Winbolt’s association with the county continued throughout the next decade. He wrote Bell’s Pocket Guide to Kent (1930), which “the tourist will find … an invaluable ally in his enjoyment of this beautiful county”and the Penguin Guide to Kent, Surrey and Sussex in 1939.16 He also presented a volume containing photographs and press cuttings about the dig to Folkestone Library in May 1934.17 In his obituary in The Times, he was described as follows:

‘His eye for scenery made him also the author of small but acceptable guides to the Thames and the Cotswold country and to Kent, and he contributed numerous articles to this journal’.18 - 64 to be precise!
During his lifetime, S.E. Winbolt wrote and edited over 70 publications. His visit to Folkestone is only a small part of his archaeological and educational legacy, but an important one.

This article was published: 10 July 2021.


  1. Folkestone, Hythe, Sandgate & Cheriton Herald - Saturday 05 April 1924. 

  2. Folkestone, Hythe, Sandgate & Cheriton Herald - Saturday 02 August 1924. 

  3. Folkestone, Hythe, Sandgate & Cheriton Herald - Saturday 02 August 1924. 

  4. Folkestone, Hythe, Sandgate & Cheriton Herald - Saturday 30 August 1924. 

  5. Folkestone, Hythe, Sandgate & Cheriton Herald - Saturday 06 September 1924. 

  6. Folkestone, Hythe, Sandgate & Cheriton Herald - Saturday 20 September 1924. 

  7. Folkestone, Hythe, Sandgate & Cheriton Herald - Saturday 06 September 1924. 

  8. Folkestone, Hythe, Sandgate & Cheriton Herald - Saturday 06 September 1924. 

  9. Folkestone, Hythe, Sandgate & Cheriton Herald - Saturday 06 September 1924. 

  10. Folkestone, Hythe, Sandgate & Cheriton Herald - Saturday 06 September 1924. 

  11. The Times - Saturday 22 August 1925. 

  12. Folkestone, Hythe, Sandgate & Cheriton Herald - Saturday 15 August 1925. 

  13. “Roman Folkestone”, 1925, Saturday review of politics, literature, science and art, vol. 140, no. 3649, pp. 376. 

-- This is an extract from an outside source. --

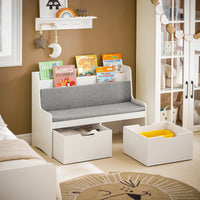 Banc à chaussures sur roulettes avec assise Alcovea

  14. Ward Lock and Co (1928) Folkestone, Sandgate, Hythe, Canterbury, Dymchurch, p.34. 

  15. Folkestone, Hythe, Sandgate & Cheriton Herald - Saturday 20 October 1928. 

  16. Folkestone, Hythe, Sandgate & Cheriton Herald - Saturday 19 July 1930. 

  17. Folkestone, Hythe, Sandgate & Cheriton Herald - Saturday 05 May 1934. 

  18. The Times - Monday 21 February 1944.